» YOUR INSTRUCTIONS
What's needed is an exact copy of all the data below, without pictures.

[Collected data]
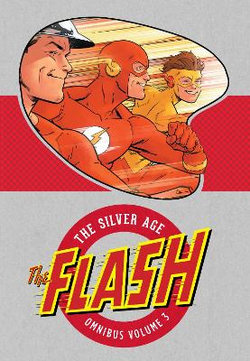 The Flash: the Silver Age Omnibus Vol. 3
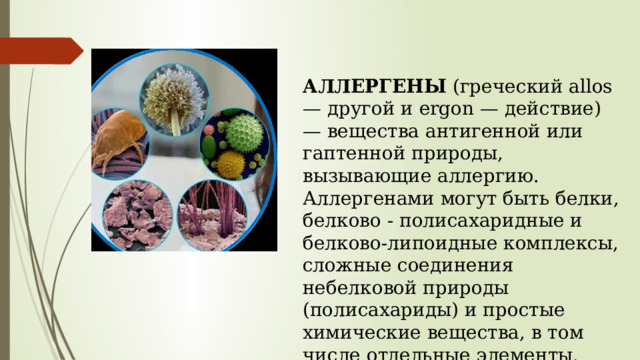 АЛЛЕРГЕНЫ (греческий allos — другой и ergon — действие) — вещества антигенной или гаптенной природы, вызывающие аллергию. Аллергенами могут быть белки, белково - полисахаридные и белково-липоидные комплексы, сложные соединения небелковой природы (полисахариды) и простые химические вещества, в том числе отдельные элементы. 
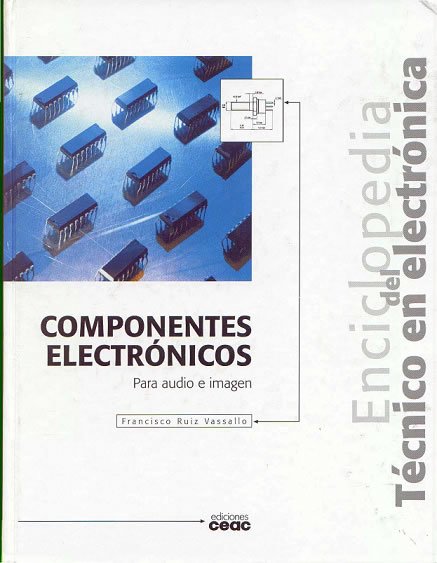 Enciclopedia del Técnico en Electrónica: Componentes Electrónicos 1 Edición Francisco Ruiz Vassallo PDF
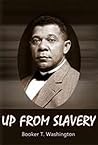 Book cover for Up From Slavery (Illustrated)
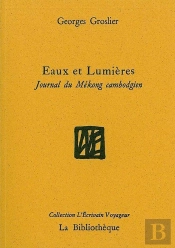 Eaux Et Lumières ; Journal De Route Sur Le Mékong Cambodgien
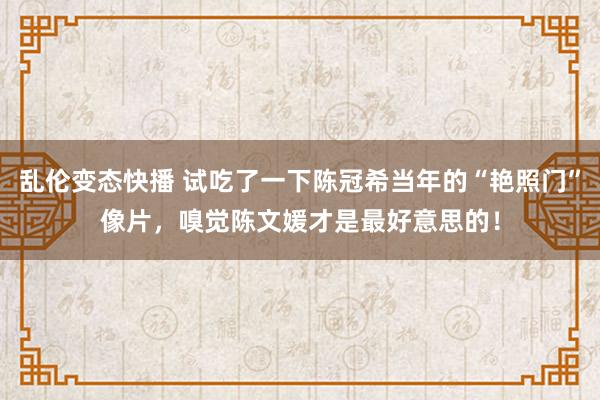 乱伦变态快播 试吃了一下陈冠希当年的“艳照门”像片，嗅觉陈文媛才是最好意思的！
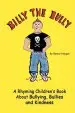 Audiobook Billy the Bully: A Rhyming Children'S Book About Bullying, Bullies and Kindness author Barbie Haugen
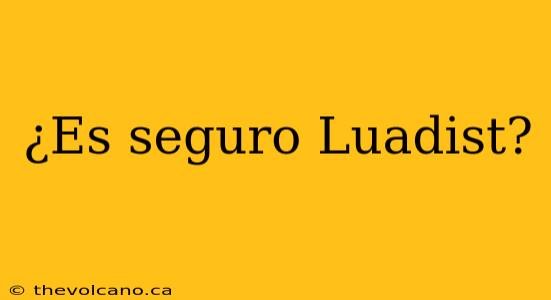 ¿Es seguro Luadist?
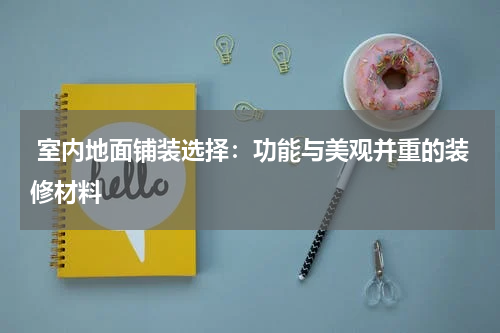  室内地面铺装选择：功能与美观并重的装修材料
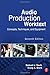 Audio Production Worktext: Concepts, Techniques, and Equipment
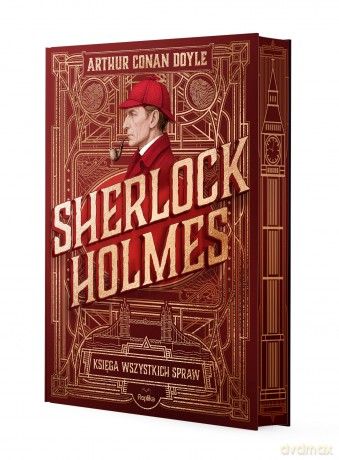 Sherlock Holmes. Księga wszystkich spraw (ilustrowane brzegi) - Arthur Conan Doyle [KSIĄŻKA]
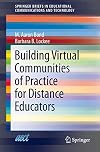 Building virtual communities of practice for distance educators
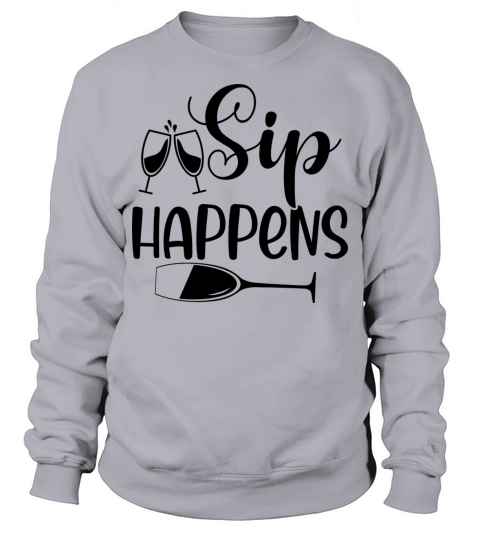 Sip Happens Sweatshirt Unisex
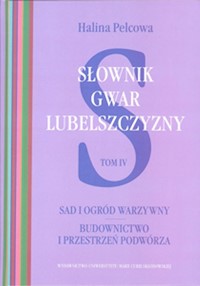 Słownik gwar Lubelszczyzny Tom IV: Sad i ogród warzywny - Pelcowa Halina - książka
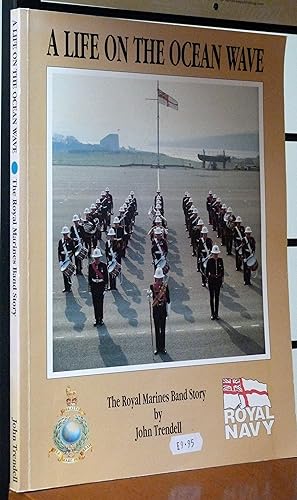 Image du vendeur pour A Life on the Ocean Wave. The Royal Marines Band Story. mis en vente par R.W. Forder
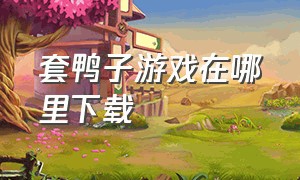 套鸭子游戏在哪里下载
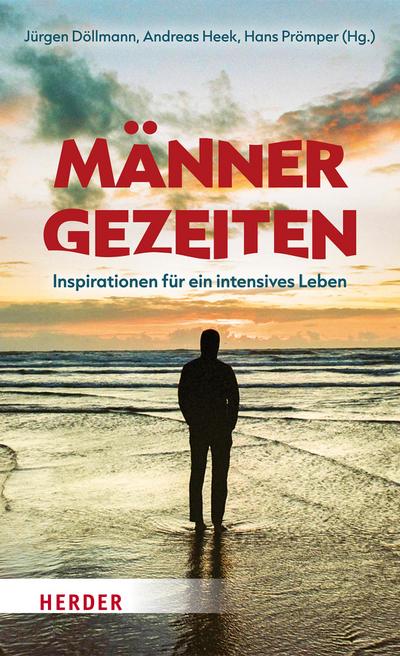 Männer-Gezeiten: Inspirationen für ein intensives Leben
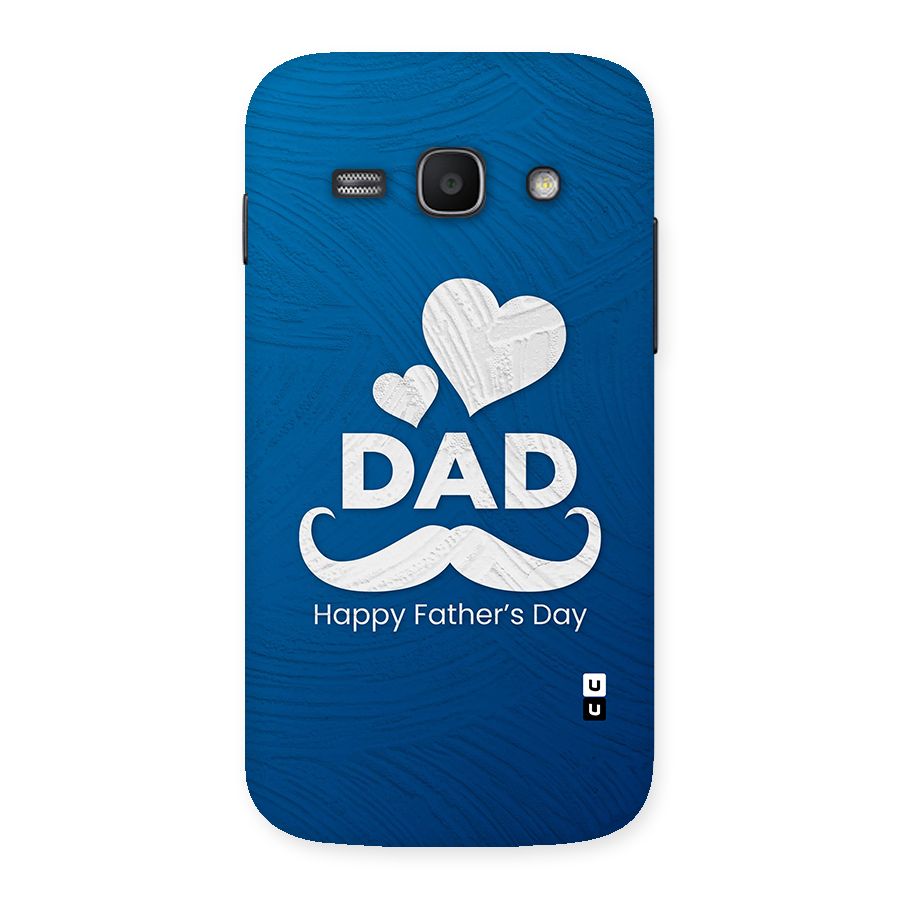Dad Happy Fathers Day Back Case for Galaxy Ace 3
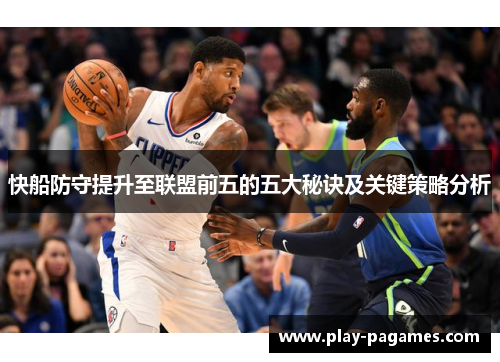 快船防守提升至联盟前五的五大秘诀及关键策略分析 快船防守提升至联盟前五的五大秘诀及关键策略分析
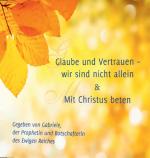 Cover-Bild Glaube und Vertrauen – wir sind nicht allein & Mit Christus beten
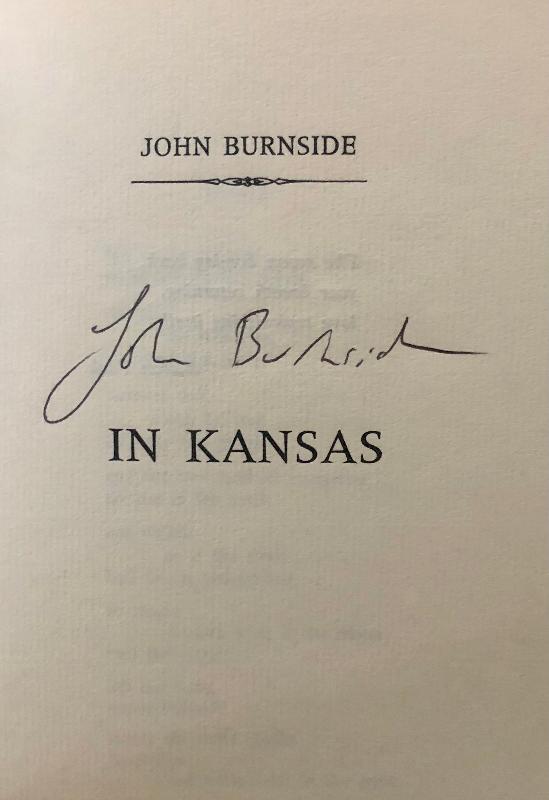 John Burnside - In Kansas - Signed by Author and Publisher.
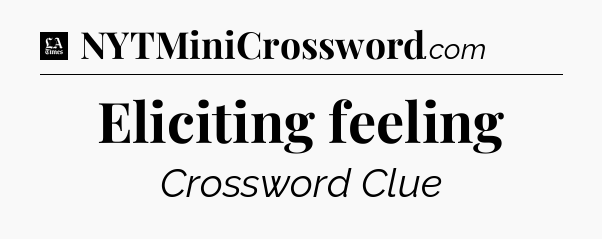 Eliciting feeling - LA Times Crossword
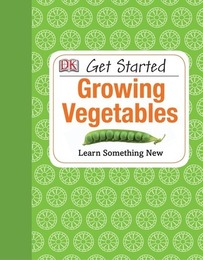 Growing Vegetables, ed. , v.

» RESULT OF THIS EXERCISE
 The Flash: the Silver Age Omnibus Vol. 3
 АЛЛЕРГЕНЫ (греческий allos — другой и ergon — действие) — вещества антигенной или гаптенной природы, вызывающие аллергию. Аллергенами могут быть белки, белково - полисахаридные и белково-липоидные комплексы, сложные соединения небелковой природы (полисахариды) и простые химические вещества, в том числе отдельные элементы. 
 Enciclopedia del Técnico en Electrónica: Componentes Electrónicos 1 Edición Francisco Ruiz Vassallo PDF
 Book cover for Up From Slavery (Illustrated)
 Eaux Et Lumières ; Journal De Route Sur Le Mékong Cambodgien
 乱伦变态快播 试吃了一下陈冠希当年的“艳照门”像片，嗅觉陈文媛才是最好意思的！
 Audiobook Billy the Bully: A Rhyming Children'S Book About Bullying, Bullies and Kindness author Barbie Haugen
 ¿Es seguro Luadist?
  室内地面铺装选择：功能与美观并重的装修材料
 Audio Production Worktext: Concepts, Techniques, and Equipment
 Sherlock Holmes. Księga wszystkich spraw (ilustrowane brzegi) - Arthur Conan Doyle [KSIĄŻKA]
 Building virtual communities of practice for distance educators
 Sip Happens Sweatshirt Unisex
 Słownik gwar Lubelszczyzny Tom IV: Sad i ogród warzywny - Pelcowa Halina - książka
 Image du vendeur pour A Life on the Ocean Wave. The Royal Marines Band Story. mis en vente par R.W. Forder
 套鸭子游戏在哪里下载
 Männer-Gezeiten: Inspirationen für ein intensives Leben
Dad Happy Fathers Day Back Case for Galaxy Ace 3
 快船防守提升至联盟前五的五大秘诀及关键策略分析 快船防守提升至联盟前五的五大秘诀及关键策略分析
 Cover-Bild Glaube und Vertrauen – wir sind nicht allein & Mit Christus beten
 John Burnside - In Kansas - Signed by Author and Publisher.
 Eliciting feeling - LA Times Crossword
 Growing Vegetables, ed. , v.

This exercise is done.